The celebrations to mark the 1,020th anniversary of the embrace of Orthodox Christianity in the region are certain to be overshadowed by the dispute between Kyiv and Moscow which has long extended beyond religion into politics.

After mainly Orthodox Ukraine won independence from Soviet rule in 1991, a separate church was formed.

But it remains unrecognized by the worldwide Orthodox Church, which sees the Ukrainian branch of the Russian Orthodox church as its only representative in the country.

Authorities in Ukraine, site of the Kyivan Rus state that preceded parts of modern-day Ukraine, Belarus and Russia, are hosting the event. Russian Patriarch Alexiy II is attending after securing an agreement that the independent Kyiv-based church will stay away.

But its clerics still lobby for change.

"Ukraine has the right to its own church. Unfortunately, Moscow is denying this right in the same way it opposes the very notion of Ukraine as an independent state," Bishop Yevstratiy, a spokesman for the independent church, told Reuters.

"What is going on in Ukrainian Orthodoxy has nothing to do with violating church law.

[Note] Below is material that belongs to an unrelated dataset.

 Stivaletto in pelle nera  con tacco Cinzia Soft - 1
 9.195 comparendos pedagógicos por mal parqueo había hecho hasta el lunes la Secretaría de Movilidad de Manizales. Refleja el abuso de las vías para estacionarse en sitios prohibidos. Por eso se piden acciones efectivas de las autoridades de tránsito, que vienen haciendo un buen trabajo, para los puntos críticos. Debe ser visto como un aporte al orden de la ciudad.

It is caused by Moscow fighting for power in Ukraine - economic, political and spiritual power."

Statistics show the churches have roughly the same number of parishioners. Property disputes between the two sides in the 1990s sparked street scuffles, often between elderly believers.

Pro-Western Ukrainian President Viktor Yushchenko, an ardent Orthodox believer, sees creation of an independent church as part of Ukraine's task of building a national identify.

The president has tried to boost the event's profile by focusing on the visit by Constantinople Patriarch Bartholomew, worldwide leader of more than 225 million believers in the Orthodox church - formed after the 1054 schism with Rome.

Bartholomew was met by Yushchenko and given top honours at Kyiv airport on Friday, a military honour guard, goose-stepping soldiers and the playing of Ukraine's national anthem. Posters of the president alongside Bartholomew dotted Kyiv streets.

Tens of thousands of guests will hold a Saturday prayer meeting near the 11th century St Sofia Cathedral and a Sunday service by the Dnipro River.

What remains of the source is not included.